Briten, Russen, Amerikaner, EU, NATO, Kommunismus, Kaptialismus, Internationale Organisationen: Alle Versuche, das Land in die Moderne zu bringen, sind gescheitert. Die Taliban haben Afghanistan wieder ins Mittelalter zurückgeführt.
Patrimoniale Herrschaftsstrukturen, Stammesverbände, Familienclans, Scharia, alte Traditionen: All das ist wieder so wie vor hundert Jahren. Afghanistan fällt immer wieder ins Mittelalter zurück. Die Afghanen wollen es so. Nicht alle. Aber viele. Vermutlich die Mehrheit. Das Ergebnis der vier Jahrzehnte aus Krieg und Bürgerkrieg spricht Bände.
Afghanistan war für Invasoren immer unregierbar. Das ist seit Jahrhunderten so. Die Briten und Russen haben es im 19. Jahrhundert zu spüren bekommen. Später die UdSSR, dann die westliche Allianz.
Bilder, Fotos, Filmmaterial aus den 1960er bis 1970er Jahren zeigen ein westliches und aufgeklärtes Kabul. Und während der US-amerikanischen und europäischen Militärpräsenz gab es – ebenfalls in Kabul – soziale Nischen mit westlich-liberalem Lebensstil.
Doch Kabul ist nicht das weite Land. Kabul ist anders als die Abertausenden von Dörfern und Kleinstädte, die Hunderttausenden von Gehöften und Weilern in den abgelegenen Tälern der Bergregionen. Das weite Land war immer anders als Kabul.
Wenn westliche Journalisten über Frauenrechte und angeblichen Fortschritt berichtet haben, dann war es fast immer aus Kabul.

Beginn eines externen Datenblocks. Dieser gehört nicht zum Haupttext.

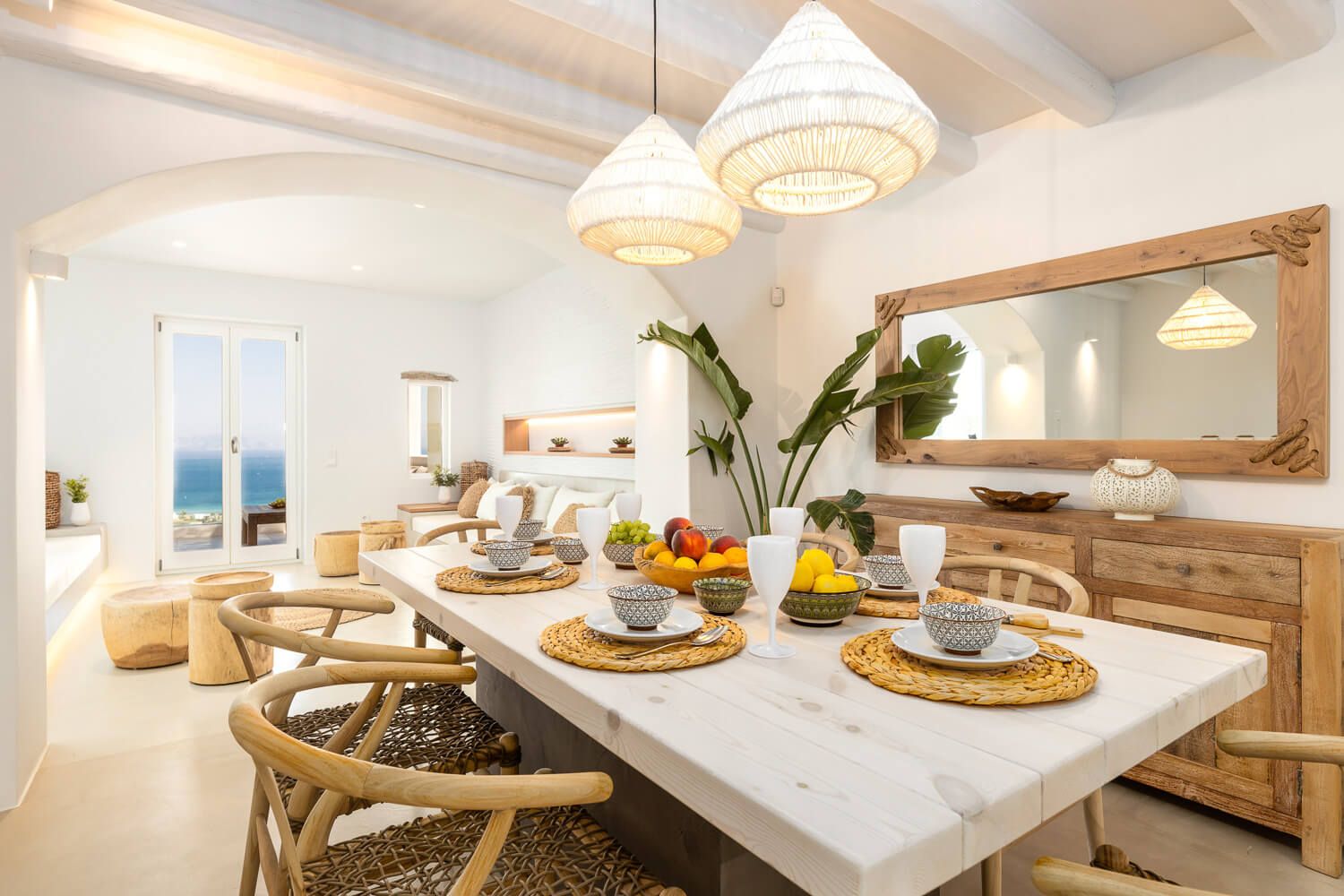 Beautifully styled dining table ready for a Mediterranean summer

Afghanistan ist kein ethnisch-homogener Nationalstaat. Die Regionen unterscheiden sich ethnisch und sprachlich. Es gibt Paschtunen, Hazara, Tadschiken, Usbeken, Turkmenen, Kirgisen, Nuristani und viele andere Volksgruppen.
Afghanistan ist ein Relikt aus einer anderen Zeit, aus einer anderen Welt. Keine politische Kraft hat das Land in die Moderne ziehen können.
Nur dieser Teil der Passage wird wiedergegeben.